JONATHAN J. COOPER
SACRAMENTO, Calif. (AP) — Democratic activists loyal to the Sen. Bernie Sanders aren't ready to give up after their favored candidate came tantalizingly close but fell short of taking control of the California Democratic Party.
"Berniecrats" and like-minded Democrats looking to shake up their party leadership refused Sunday to accept election results and demanded validation in the race for party chairman.
The conflict inflames a bitter divide in a party whose leaders are trying hard to unify behind the goal of stymieing President Donald Trump and Republicans in Congress.
After Sanders was defeated by Hillary Clinton in last year's presidential primary and Congressman Keith Ellison lost his bid for Democratic National Committee chair, Saturday's election felt like a third punch in the gut to Sanders-aligned activists. They've pushed the Democratic Party to reject money from wealthy interests, deriding many in the party's establishment as corporate Democrats.
"Things are going to get tough for the Democratic Party, and if they don't want the Republicans to win then they need to work with us," said Bryan Hash, a Sanders supporter from Southern California, said Saturday shortly after results were announced.
Hash, a first-time convention delegate, and other Sanders loyalists rallied behind Kimberly Ellis in the race to replace outgoing party chair John Burton.
Longtime party insider Eric Bauman defeated Ellis by 62 votes out of nearly 3,000 cast — a razor-thin margin for a candidate who lined up support from most of the state's elected Democrats and, until recently, was widely expected to win with minimal opposition. He had a natural advantage in an election where many delegates were selected by party insiders and elected officials.
Ellis refused to concede, citing unspecified concerns with the vote count and, after speaking with a lawyer, declared "this race is not over."
"If we want to build a party that moves forward together, strong and unified, we owe it to every Democrat in California to ensure the election was conducted fairly and with transparency," she wrote on Facebook Sunday.
Ellis and Bauman both endorsed Clinton's presidential bid and were largely aligned in their approaches to public policy. But Ellis adopted a Sanders-inspired message determined to minimize the influence of money in politics. Her supporters were outraged that Bauman's political consulting firm accepted money from pharmaceutical companies to work against a Sanders-backed initiative aimed at limiting government spending on medications.
Bauman, looking to unify the fractured party he now leads, offered words of conciliation.
"There is no denying that there is a problem when so many of our hardworking activists feel that they are not welcome within our party and that they have been slighted and shut out of the process," Bauman said in a statement.
Democrats could pay a price if the tension in their party lingers, said Thad Kousser, chair of the political science department at University of California, San Diego.

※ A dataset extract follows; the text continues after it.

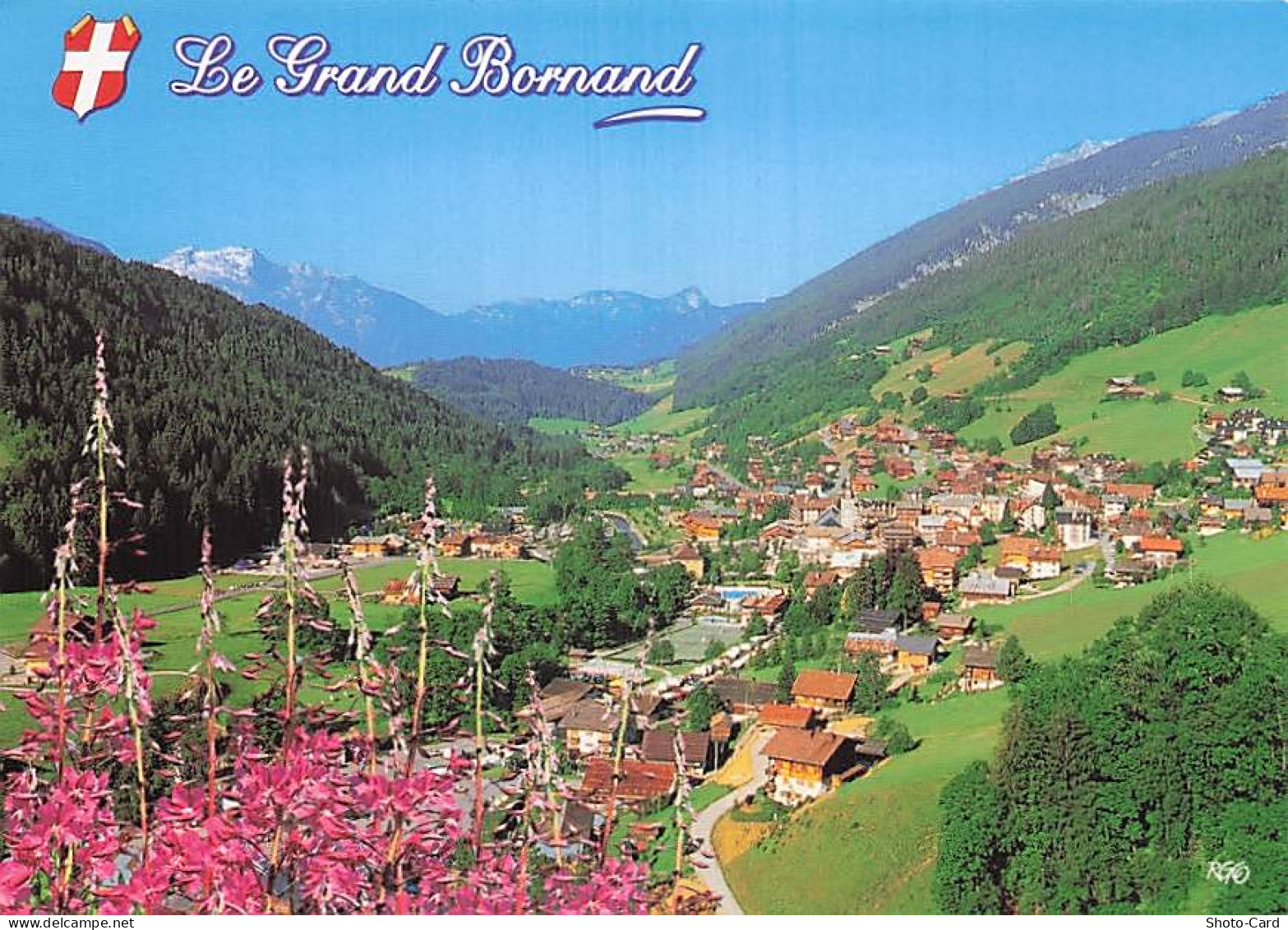 74 LE GRAND BORNAND LE GRAND BORNAND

"It does not matter directly to anyone who wasn't in that convention hall this weekend," Kousser said. "But the indirect impact of having those people coming out of that convention hall united, excited ready to walk precincts ready to recruit others to volunteer, that has a huge impact on a party."
While many of the party's activists were consumed by the squabbles inside the party, elected Democrats aimed their remarks at the party's common foe — Trump and the Republicans.
U.S. Rep. Adam Schiff offered a keynote speech that touched heavily on themes of unity in both the Democratic Party and the country at large. The Burbank congressman is a rising star in the party after his role as the top Democrat on the House Intelligence Committee gave him a platform to scrutinize Trump's campaign contacts with Russians.
"Democrats, we must bind up our party's wounds, for only then can we save our country," Schiff said.